Sounds like you are on the right track. Just keep in mind, while you may have had one address for your CIFS server on the Celerra, you will want a pool of addresses (at least one per node per subnet) on the Isilon with the name being an NS record pointing to the service IP rather than an A record that points to one node. The idea behind SmartConnect (even basic without the license) is to try and balance the clients across all the nodes without the clients needing any special software or have any knowledge of the Isilon. It's a pretty slick idea once you get it.

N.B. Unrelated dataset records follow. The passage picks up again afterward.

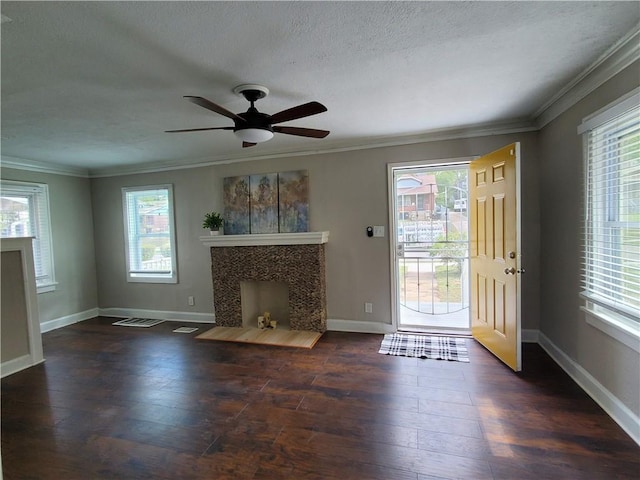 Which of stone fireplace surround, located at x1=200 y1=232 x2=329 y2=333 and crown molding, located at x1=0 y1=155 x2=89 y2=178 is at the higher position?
crown molding, located at x1=0 y1=155 x2=89 y2=178

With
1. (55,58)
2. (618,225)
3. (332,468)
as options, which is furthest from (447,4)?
(332,468)

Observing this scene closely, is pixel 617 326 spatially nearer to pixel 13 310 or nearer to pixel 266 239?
pixel 266 239

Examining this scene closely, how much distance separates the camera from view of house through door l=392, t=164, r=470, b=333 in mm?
3629

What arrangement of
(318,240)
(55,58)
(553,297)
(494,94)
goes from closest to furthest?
(55,58) < (494,94) < (553,297) < (318,240)

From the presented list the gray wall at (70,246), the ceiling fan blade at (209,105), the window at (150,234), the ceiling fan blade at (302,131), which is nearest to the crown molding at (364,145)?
the window at (150,234)

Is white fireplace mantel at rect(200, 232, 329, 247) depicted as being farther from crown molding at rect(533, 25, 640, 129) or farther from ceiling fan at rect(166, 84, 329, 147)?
crown molding at rect(533, 25, 640, 129)

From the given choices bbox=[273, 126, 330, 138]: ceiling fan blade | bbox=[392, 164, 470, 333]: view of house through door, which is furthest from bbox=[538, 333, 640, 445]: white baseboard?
bbox=[273, 126, 330, 138]: ceiling fan blade

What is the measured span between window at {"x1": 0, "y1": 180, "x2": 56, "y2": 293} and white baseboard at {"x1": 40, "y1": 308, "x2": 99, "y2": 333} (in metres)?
0.46

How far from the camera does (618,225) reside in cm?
198

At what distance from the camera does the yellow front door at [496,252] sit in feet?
8.56

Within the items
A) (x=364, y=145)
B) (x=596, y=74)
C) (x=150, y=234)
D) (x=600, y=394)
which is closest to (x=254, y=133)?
(x=364, y=145)

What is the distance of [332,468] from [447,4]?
243 centimetres

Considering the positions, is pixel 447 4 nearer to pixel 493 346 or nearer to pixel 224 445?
pixel 224 445

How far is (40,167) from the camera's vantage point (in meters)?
4.22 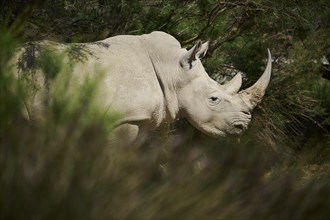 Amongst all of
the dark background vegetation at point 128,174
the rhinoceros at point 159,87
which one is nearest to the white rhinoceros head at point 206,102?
the rhinoceros at point 159,87

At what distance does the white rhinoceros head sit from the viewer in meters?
5.54

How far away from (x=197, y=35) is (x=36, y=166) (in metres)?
5.32

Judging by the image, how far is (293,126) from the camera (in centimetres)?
866

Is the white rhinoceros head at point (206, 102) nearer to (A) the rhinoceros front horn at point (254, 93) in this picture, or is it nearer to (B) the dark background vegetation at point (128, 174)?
(A) the rhinoceros front horn at point (254, 93)

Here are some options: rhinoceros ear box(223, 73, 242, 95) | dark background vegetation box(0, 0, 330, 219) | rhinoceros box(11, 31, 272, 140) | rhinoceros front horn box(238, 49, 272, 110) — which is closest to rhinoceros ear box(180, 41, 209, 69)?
rhinoceros box(11, 31, 272, 140)

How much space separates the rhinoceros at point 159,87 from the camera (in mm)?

If your clients are SMB, there is no reason for addresses to move in the case of a failure and they won't in a static pool. The reason is that SMB clients do not follow an IP address if it moves. Even with SMB3 with CA, the client negotiates multiple addresses and moves to a new address upon failure. An SMB2 client will drop the connection and then next time a user tries to access the share, it will get a new address via SmartConnect (because we return a TTL of 0) and then it reconnects to a live node. For addresses to move upon a node failure, which is used by NFS clients, you would have a dynamic pool for your SmartConnect zone. But dynamic pools require the advanced license and if you don't have it, that option will be greyed out in the WebUI and not allowed on the CLI or with the API. But if you do not have NFS clients, dynamic zones aren't necessary since SMB behaves differently anyway.
My thought would be to have an NS record for each CIFS server you had on your Celerras. Each CIFS server name would be either the name of a SmartConnect zone or an alias to an SC zone if they are to share the same IP pool. That way each of your old CIFS server will have access to all of your nodes. This is good for redundancy as well as performance. NIC failover with your two 10Gb ports is fine and with tagging the aggr interface can live on all of your subnets.
Understanding IP pools and SmartConnect is an important part of setting up an Isilon, IMHO. If you need help with that, I'd start by reaching out to your Isilon SE. Those folks should know this stuff cold.